Impulse Engine it's not

[Rick+the+Red]

This is a reaction engine. Lead may be the reactant, and lasers may be the energy source, but the propulsion is still caused by tossing mass away from the direction you wish to move.

A true impulse engine does not lose mass, just energy, and is still a fiction. That's not what these folks are working on.
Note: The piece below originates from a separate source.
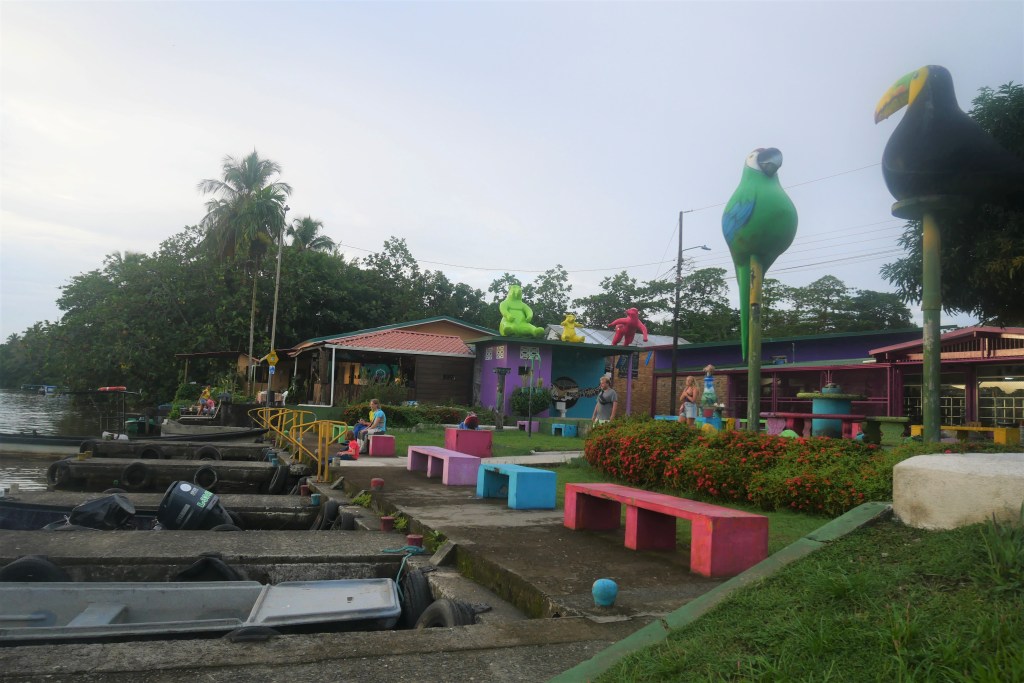 embarcadère village de Tortuguero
Re:Impulse Engine it's not

[geekoid]

I thought it was called an "impulse engine" because it would be used as a plot device when ever the director had the impulse to use it...

A superior engine

[spike+hay]

A better engine than this one is the VASIMR. It is a plasma engine that is under development. It ionizes hydrogen with microwaves an then accelerates them with magnetic fields. While it doen't provide thrust like a chemical rocket, it certainly has many, many times more thrust than a ion engine. It has some oomph to it. I really don't think that the ablative engine that this article was about would be good to launch vehicles into space. You would need a fscking huge laser to propel the ablative rocket into space. The cost of the giant laser would outweigh the cost savings of not using a huge amount of rocket fuel.
For cheap launches, you really need somthing like the x-42 scramjet spaceplane. That would cut costs of launching by a factor of 10 with no giant lasers.

VASIMR will get a specific impulse of 30,000 seconds compared to 500 seconds for the shuttle's engines. A specific impulse is the number of seconds 1 kg. of fuel could produce 1 kg. of thrust. The specific impulse of the VASIMR is 60 times better than the shuttle. That's even better than this ablative engine.
That would allow cheap interplanetary voyages anywhere in the solar system, using very little fuel. Using these engines, you could get to Saturn in less than a year. It would also allow slow intersteller trips of around 1% the speed of light.
Also, VASIMRs could be easily, cheaply, and quickly refueled for more missions.Interplanetary travel could become cheap. I bet each ship would cost around 5 billion dollars initialy. After that, it's cheap. After each trip, an X-42 could come and restock the ship with fuel and supplies. That would only cost around 50 million. We could send tens of thousands to colonize Mars.

BTW: On this article, it says the VASIMR gets 10,000 seconds. It can reach 30,000 with further development.
Read about the VASIMR here

so what you're saying is...

[corbettw]

You just want a frickin' laser beam.